Francisco, antes de referir esses pedidos, começa por apresentar a sua relação pessoal com Deus: “Uma relação como a de qualquer homem, muito humana”, acrescentando: “Uma relação com Deus é boa quando avança de acordo com a idade, quando não se fica na infância e é aberta.” Confessa que nem sempre entende e há momentos de obscuridade: “Por vezes estou calado e deixo que Ele fale, que se faça sentir. É uma relação de convivência. Por vezes não o compreendo, tem os seus modos de proceder.” Mas o que sente é amor por Deus, acrescentando: “Não podes amar a Deus, se não te sentes amado.”
Para compreender os pedidos, adverte que é necessário entender que “mais do que numa época de mudanças encontramo-nos numa mudança de época.” E cita Bertrand Russell: “Entender o mundo actual como é e não como desejaríamos que fosse é o início da sabedoria.”
Vêm então os pedidos. “Peço-vos que me acompanheis a fazer juntos estes dez pedidos em nome de Deus.”
- Em nome de Deus peço que se erradique na Igreja a cultura dos abusos.
Já aqui escrevi que, para mim, a Inquisição e a pedofilia por parte do clero são a pior catástrofe da Igreja. Francisco lembra que um caso é por si “uma monstruosidade”. Escreve: “As consequências dos abusos sexuais cometidos contra menores e adultos vulneráveis duram anos nas vítimas. Refiro-me a este crime como um homicídio psicológico, porque podem ter consequências irreparáveis na sua saúde mental”, causando “danos físicos, psicológicos e espirituais.”
Não há qualquer desculpa no facto de, desgraçadamente, os abusos serem um fenómeno historicamente presente em todas as culturas e sociedades e até o maior número acontecer nas famílias; de facto, “cometido por membros da Igreja não é só um crime atroz, é uma ofensa a Deus”.
“Uma das nossas maiores faltas, talvez a mais grave, foi não tomar em conta os relatos e denúncias das vítimas.” Trata-se não só de um pecado, mas de um crime, que se tem o dever de denunciar, colaborando com as autoridades civis. “Neste sentido, acrescenta, já em 2016 estabelecemos que a negligência em casos de abusos é causa para a destituição de bispos.”
Na recente visita a Portugal, Francisco recebeu 13 vítimas, ouviu-as, abraçou-as uma a uma, vergando-se à sua dor. O preceito inquestionável é: “Tolerância zero”, sem esquecer, evidentemente, “o princípio de in dubio pro reo, que não pode ser deixado de lado nem sequer para este tipo de delitos atrozes.”
- Em nome de Deus peço que protejamos a casa comum.
Penso que, face às catástrofes, incêndios, tempestades, com mortes e consequências desastrosas que se sucedem, até os mais céticos começam a tomar consciência de que são inegáveis as mudanças climáticas inauditas e a destruição massiva dos ecossistemas, colocando o planeta sob ameaça.

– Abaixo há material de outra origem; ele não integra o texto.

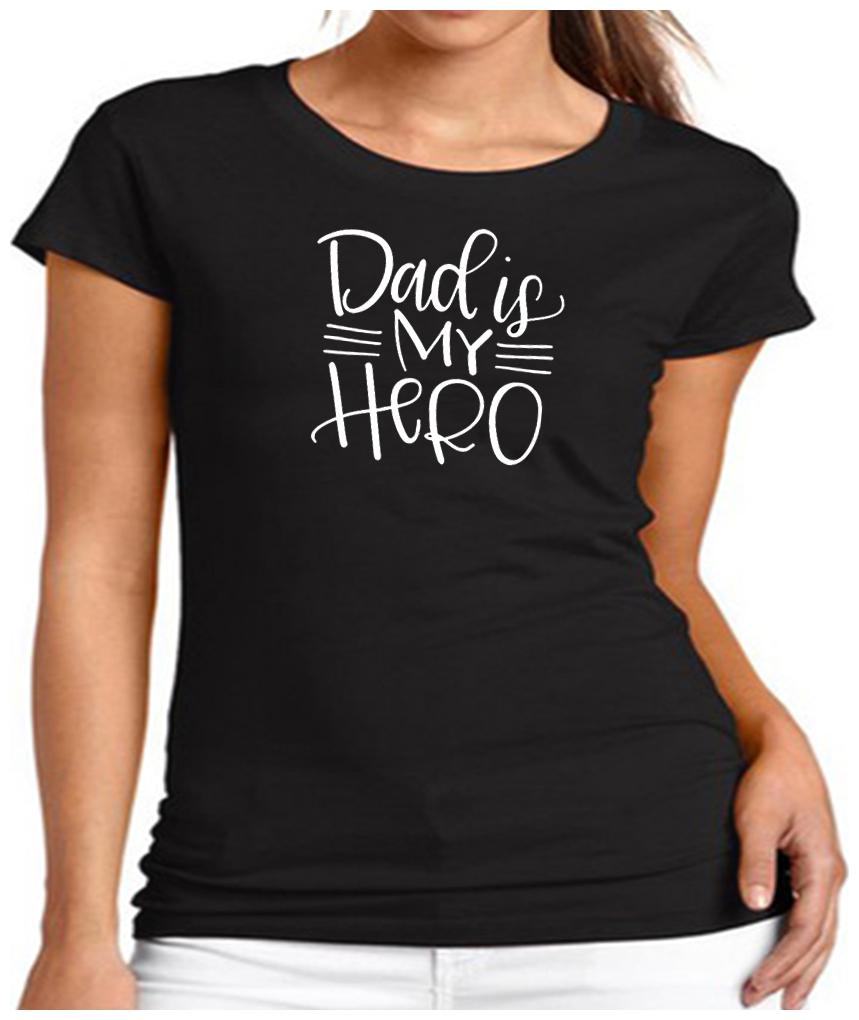 

HEYUZE Women Black Regular fit Round neck Cotton T shirt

O Papa Francisco tem bem consciência disso, de tal maneira que, se não fosse por muitos outros – tantos, tantos – motivos, ficaria na História pela publicação da sua Encíclica Laudato Sí, onde surge de modo claro o conceito de “ecologia integral”. “O nosso planeta está em perigo. Nos últimos decénios vivemos sob um sistema voraz, que não só empurrou para as margens do descarte milhões de seres humanos, mas também expôs a limites nunca vistos a nossa casa comum, a Mãe Terra.”
É preciso pôr termo a um paradigma socioeconómico baseado na ganância, na avidez, no lucro sem limites para alguns, descartando a outra maior parte e agredindo o ambiente, que está a chegar a limites irreparáveis.

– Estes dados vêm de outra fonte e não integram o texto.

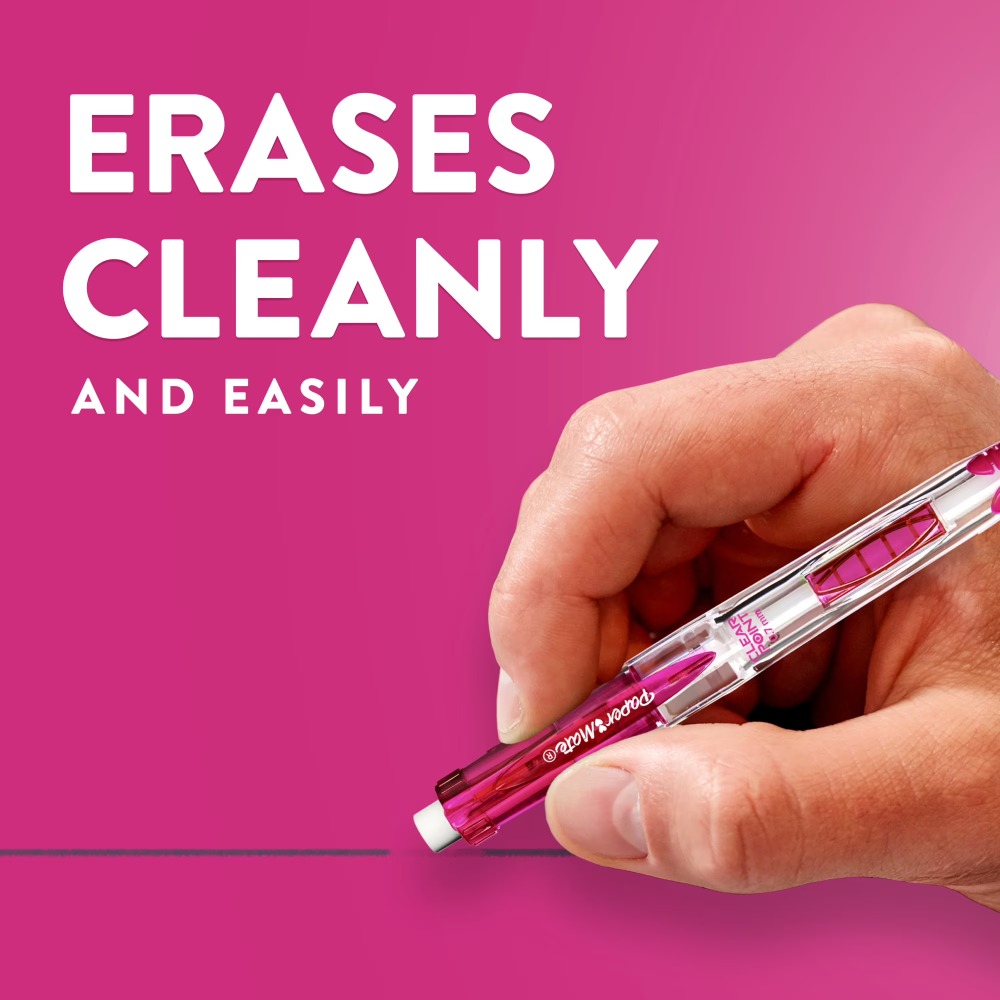 Механические карандаши Clear P – обзор и цена Staedtler Pencil Lumocolor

É preciso pôr termo a um paradigma socioeconómico baseado na ganância, na avidez, no lucro sem limites para alguns, descartando a outra maior parte e agredindo o ambiente, que está a chegar a limites irreparáveis. Viemos da natureza, que existiu durante a maior parte do tempo sem nós e que, se não mudarmos de rumo, pode acabar connosco, É preciso tomar consciência de que contra este modelo de depredação, “não há planeta B”.
Francisco é consequente, advertindo: “Mas também devemos prestar atenção a posições que defendem a natureza e, ao mesmo tempo, promovem o aborto ou a pena de morte.”
- Em nome de Deus peço uma comunicação que combata as fake newse evite os discursos de ódio.
“Estamos todos obrigados a realizar uma cultura que combata as denominadas fake news ou notícias falsas, que evite os discursos de ódio e se desenvolva num quadro tecnológico que defenda os mais desprotegidos.”
Nunca houve tantas formas de comunicação e informação. As novas tecnologias permitem-no, mas, como tudo o que é humano, é necessário tomar consciência das suas vantagens e aproveitá-las ao mesmo tempo que se impõe perceber os seus perigos e ameaças e evitá-los. Aí estão os discursos de ódio, a calúnia e difamações, os aproveitamentos para enganos de pederastia, o linchamento mediático de pessoas e do seu bom nome, alienação com o uso obsessivo das redes sociais e a ilusão dos likes…
Nunca estivemos tão conectados e cada vez são mais as solidões. É urgente perceber que a comunicação virtual não pode substituir as relações e encontros presenciais. Francisco: “Que proteção podemos assegurar às crianças e aos jovens para que este novo mundo não atente contra o seu crescimento são e a sua vivência tranquila da meninice?”
- Em nome de Deus peço uma política que trabalhe para o bem comum.
Penso que a Política, com maiúscula, como diz Francisco, constitui um dos serviços mais prestimosos e também mais exigentes, que quase requer a santidade. Por isso, quando vejo tantos, tantos, tantos… na corrida para um lugar na política, prestando-se até a comportamentos por vezes ridículos, se me perguntam se eu acredito que a maior parte o faz para prestar esse serviço ao bem comum, respondo sinceramente: não. Há outros motivos; disse-o quem sabe, Henry Kissinger: “O poder é o maior afrodisíaco”.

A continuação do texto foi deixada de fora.